Risyad lagi-lagi tidak mengerti, di mana dan apa yang membuat Andara yakin akan kata-katanya tadi.

"Shama tidak berbuat apa-apa. Bagaimana bisa kamu mengatakan kalau dia juga mencintai saya?" tanya Risyad, polos.

Andara mengibaskan tangannya. "Duh, lu emang cowok paling nolep ya. Lu tolol banget emang. Nih ya, kalau emang dia nggak suka atau nggak peduli sama lu, dia nggak akan berhenti dulu buat mastiin apa yang dia dengar. Bagi dia, kan lu nggak sepenting itu, kenapa juga harus kepo? Jawabannya ada di aksi dia tadi. Mikir aja sendiri," jelas Andara bangga akan dirinya.

Risyad mulai paham setelah memikirkan nya sejenak.

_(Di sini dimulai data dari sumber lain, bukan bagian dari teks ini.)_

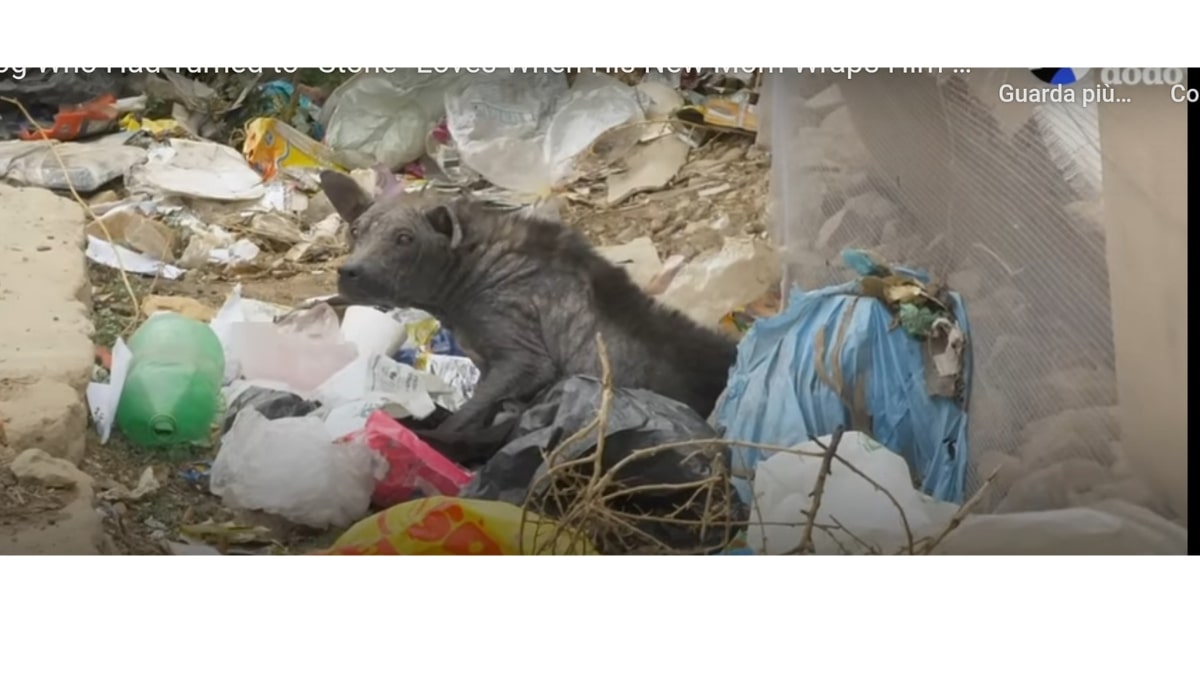 Cane salvato dai soccorritori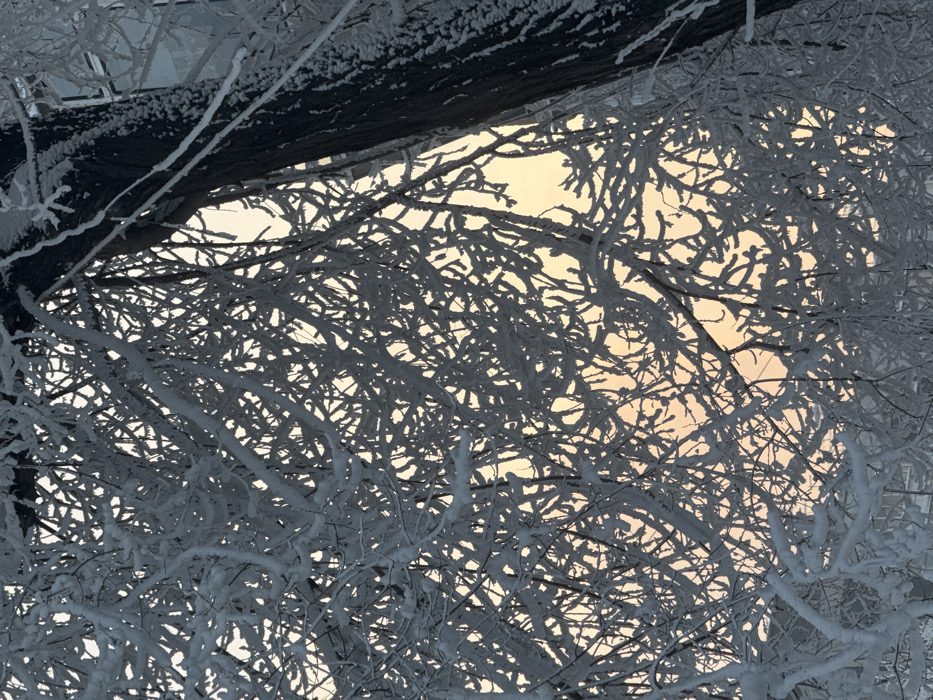 This image depicts a severe winter environment in Krasnoyarsk, Russia, dominated by a dense network of bare deciduous tree branches heavily encrusted with hoarfrost or snow. These intricate white formations are silhouetted against a sky that transitions from a soft pale orange-yellow at the bottom to a lighter hue above, consistent with either dawn or dusk. A dark, snow-dusted tree trunk occupies the far right side of the frame. Faint outlines of distant snow-covered buildings are marginally visible through the branch canopy. No individuals, animals, or active subjects are present.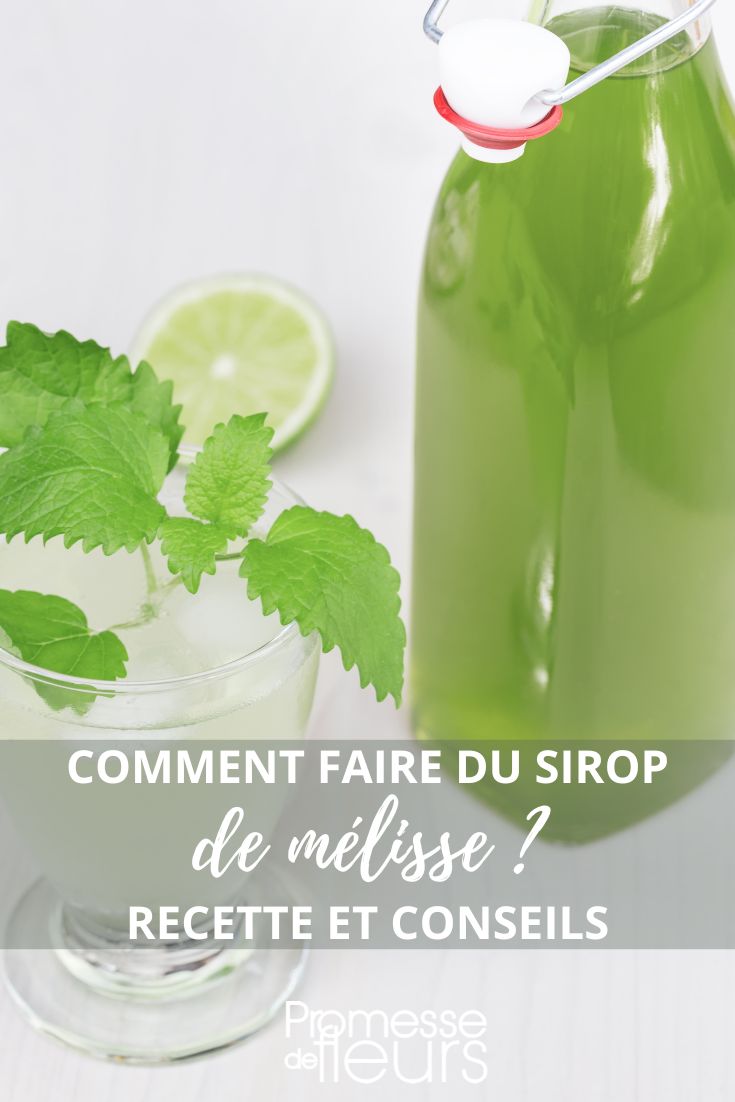 Recipe: Homemade Lemon Balm Syrup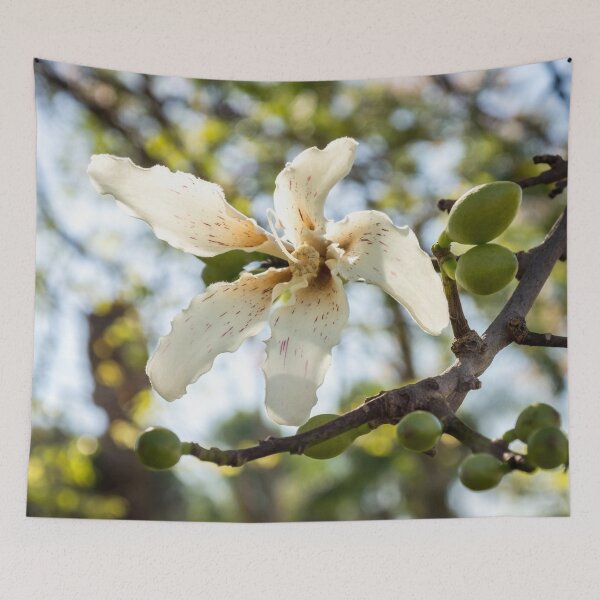 Item preview, Singular Exotic Bloom - Flowering Silk Floss Tree Ceiba Speciosa  designed and sold by Georgia Mizuleva.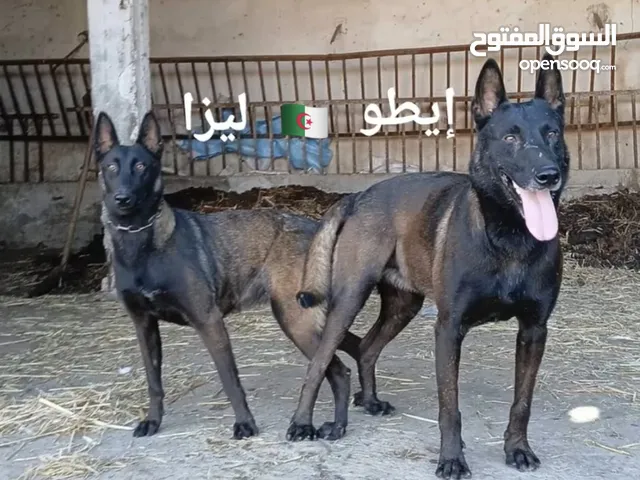 متاح ذكر مالينوا للتكسيب فقط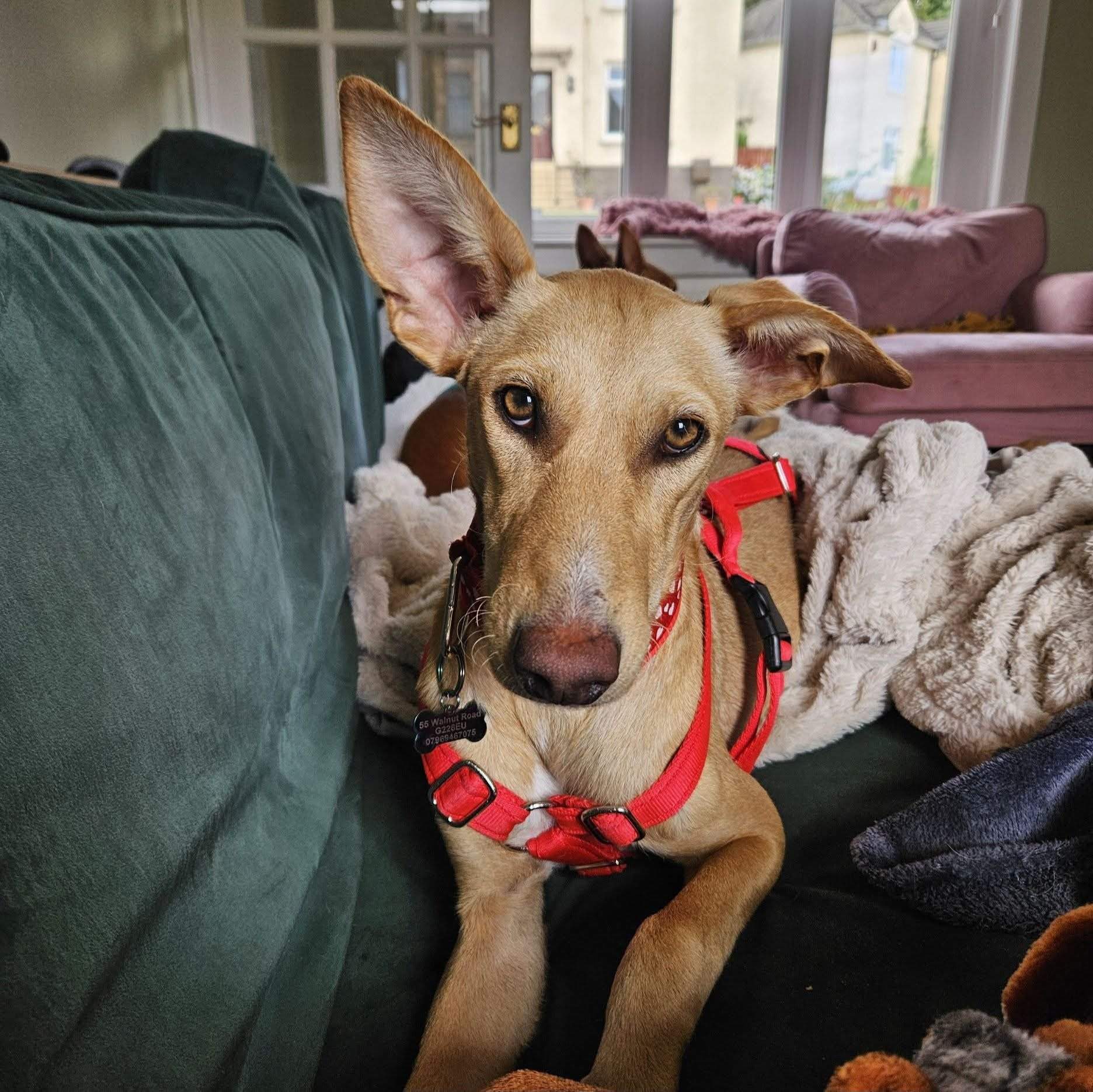 prudence-the-puppy_1369946058679012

Ya, sepertinya benar apa kata Andara. Shama bisa saja terus berjalan tanpa peduli apa yang terjadi. Tapi tadi ketukan langkahnya sempat terhenti, itu artinya Shama ternyata menyisakan rasa terhadapnya. Hal itu sukses memberikan sedikit ruang lega dalam hati Risyad. Laki-laki itu mengulas senyum kecil.

"Mau ke mana kamu?" Risyad bertanya saat Andara berjalan ke arah lemari.

"Gue nggak punya baju, minjem baju lu ya? Baju gue norak semua. Itung-itung ini juga buat jadi bahan biar bini lu makin hangus terbakar," jawab Andara sambil memilah-milah kemeja Risyad.

"Saya bahkan belum mengiyakan, kamu sudah berlagak semua itu punyamu."

"Halah, lu mah. Kita ini, kan partner, biarin aja kali cuma gini doang." Andara mendapatkan warna cantik kemeja milik Risyad. "Gue ambil ini ya? Cakep warnanya," katanya meminta izin. Kemeja warna soft blue berbahan satin silk di tangannya ditatap lama oleh Risyad.

"Pakai saja. Kalau bisa ambil saja untukmu, saya tidak suka warna itu," ungkap Risyad yang mendadak memancarkan aura asing dalam nada bicaranya.

Hal itu membuat Andara sedikit mengangkat alis, bisa langsung menebak kalau ada yang salah dari laki-laki itu. Meski dari awal memang Risyad adalah sosok laki-laki yang super menyebalkan karena sifat sok polosnya itu, tapi nada dan gaya bicara Risyad tadi cukup untuk membuat Andara bertanya-tanya dalam kepalanya.

Apa orang kaya juga masih punya banyak masalah? Rasanya tidak mungkin. Begitulah kira-kira nada tanya dalam kepalanya.